Lila is poleaxed by the casual sense of entitlement. “But—they’re not yours.”

“They’re as much mine as they are yours.”

“Dan, they were our family things. They were our children’s. You don’t just get to come and pick them up for your new family. That’s just—that’s just—No.”

“Lila, you’re being ridiculous. What do you need them for?”

She opens her mouth to speak but the cruelty in his comment has briefly winded her. “No,” she says finally. “You can’t have them.”

“Lila, this is nuts. I’m having a baby in a few months’ time. I have no money. You are never going to use those items again. Or, if you do,” he says with exaggerated equanimity, “it’s not likely to be for at least another year. So I’d like to come and pick upourbaby things.”

“They’re gone,” she says quickly.

“What?”

“I threw them away. When I was having a clear-out.”

“I don’t believe you.”

“I don’t care.”

“Lila, you’re being irrational and selfish. They are not your things to dispose of.”
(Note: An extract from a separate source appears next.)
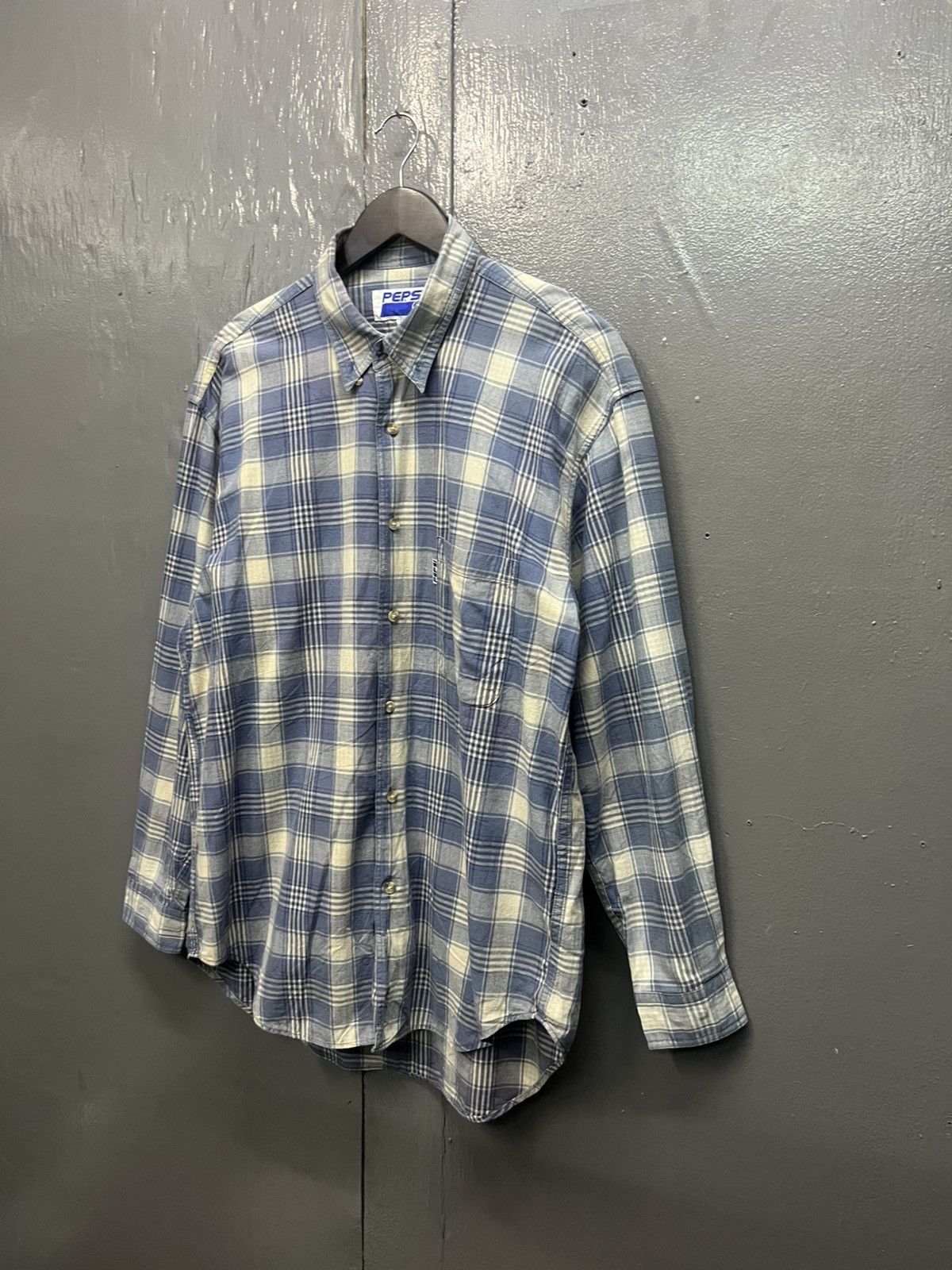 Vintage Vintage Pepsi Shirt Button Ups Size US L / EU 52-54 / 3 - 2 Thumbnail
“We had an agreement, Dan. You took everything you wanted when you left. You literally said it to me, that you were taking everything you needed, like you were telling me we were the unwanted part of that equation. You don’t get to swing by whenever you fancy it and help yourself to more.”

“I’m not ‘helping myself.’ I’m asking for the baby seat and cot that I helped pay for—items you don’t need—to look after my new baby.”

Lila’s jaw has clenched. “Sorry,” she says. “I took them to the dump ages ago.”

There is a long, loaded silence. A silence that tells her he knows she is lying, and that she knows he knows it.

Finally Dan says: “You are fucking impossible.” And puts down the phone.